Io cominciai: «O frati, i vostri mali…»;

ma più non dissi, ch’a l’occhio mi corse

un, crucifisso in terra con tre pali.   [111]

Quando mi vide, tutto si distorse,

soffiando ne la barba con sospiri;

e ‘l frate Catalan, ch’a ciò s’accorse,   [114]

mi disse: «Quel confitto che tu miri,

consigliò i Farisei che convenia

porre un uom per lo popolo a’ martìri.   [117]

Attraversato è, nudo, ne la via,

come tu vedi, ed è mestier ch’el senta

qualunque passa, come pesa, pria.   [120]

E a tal modo il socero si stenta

in questa fossa, e li altri dal concilio

che fu per li Giudei mala sementa».   [123]

Allor vid’io maravigliar Virgilio

sovra colui ch’era disteso in croce

tanto vilmente ne l’etterno essilio.   [126]

Poscia drizzò al frate cotal voce:

«Non vi dispiaccia, se vi lece, dirci

s’a la man destra giace alcuna foce   [129]

onde noi amendue possiamo uscirci,

sanza costrigner de li angeli neri

che vegnan d’esto fondo a dipartirci».   [132]

Rispuose adunque: «Più che tu non speri

s’appressa un sasso che de la gran cerchia

si move e varca tutt’i vallon feri,   [135]
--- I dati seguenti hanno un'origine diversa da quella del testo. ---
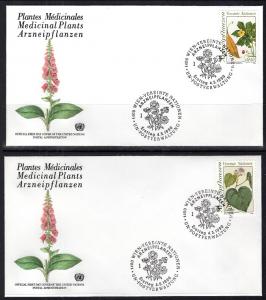 UN Vienna 101-102 Medicinal Plants UN Postal Admin Set of Two U/A FDC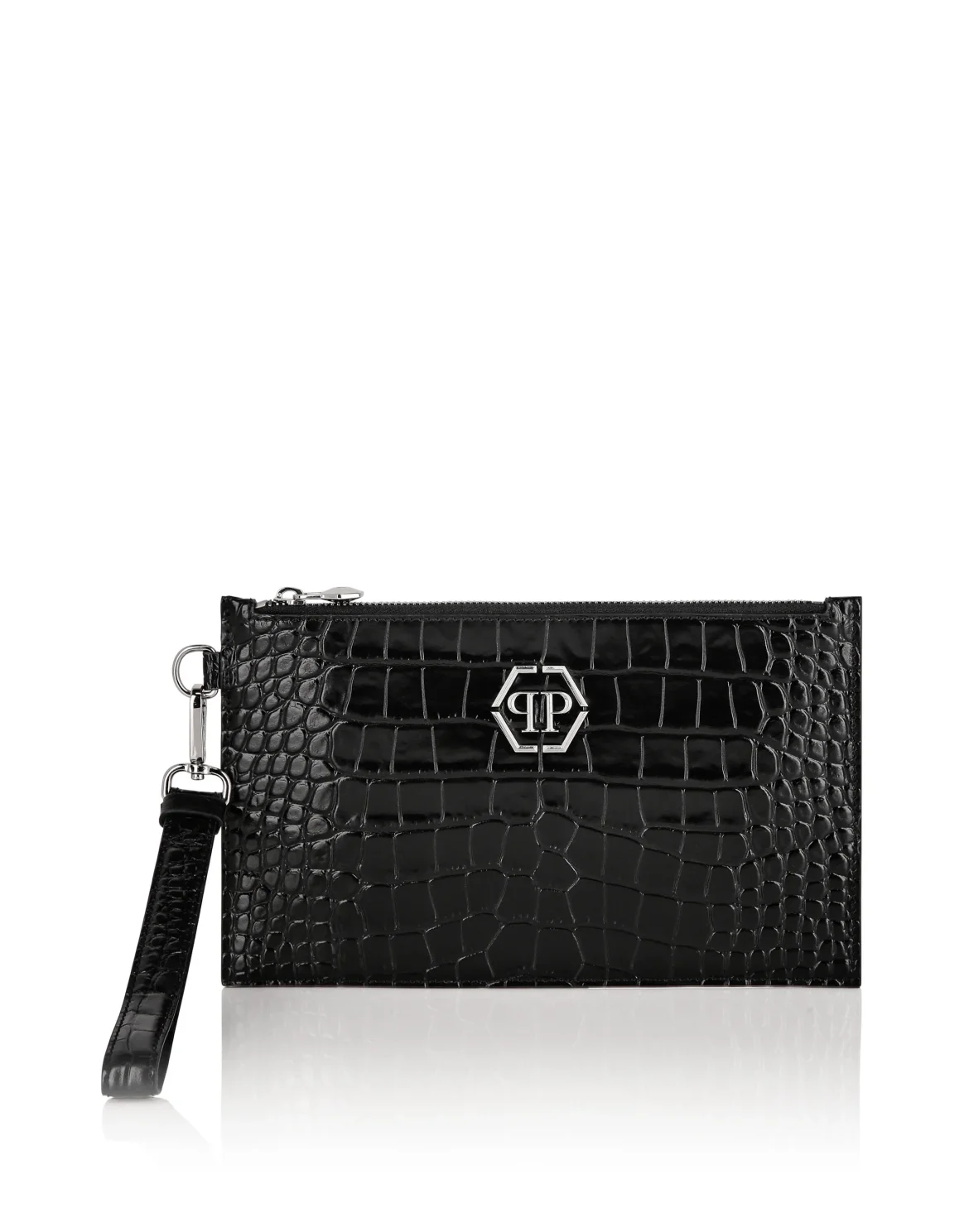 Croco Embossed  Minaudiere, цвет: Черный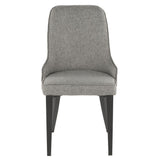 Lumisource Nueva Contemporary Accent/Dining Chair in Black Metal and Grey Fabric - Set of 2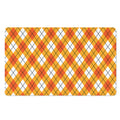 Orange And White Argyle Pattern Print Polyester Doormat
salvo che ‘n questo è rotto e nol coperchia

montar potrete su per la ruina,

che giace in costa e nel fondo soperchia».   [138]

Lo duca stette un poco a testa china;

poi disse: «Mal contava la bisogna

colui che i peccator di qua uncina».   [142]

E ‘l frate: «Io udi’ già dire a Bologna

del diavol vizi assai, tra ‘ quali udi’

ch’elli è bugiardo, e padre di menzogna».   [145]

Appresso il duca a gran passi sen gì,

turbato un poco d’ira nel sembiante;

ond’io da li ‘ncarcati mi parti’   [148]

dietro a le poste de le care piante.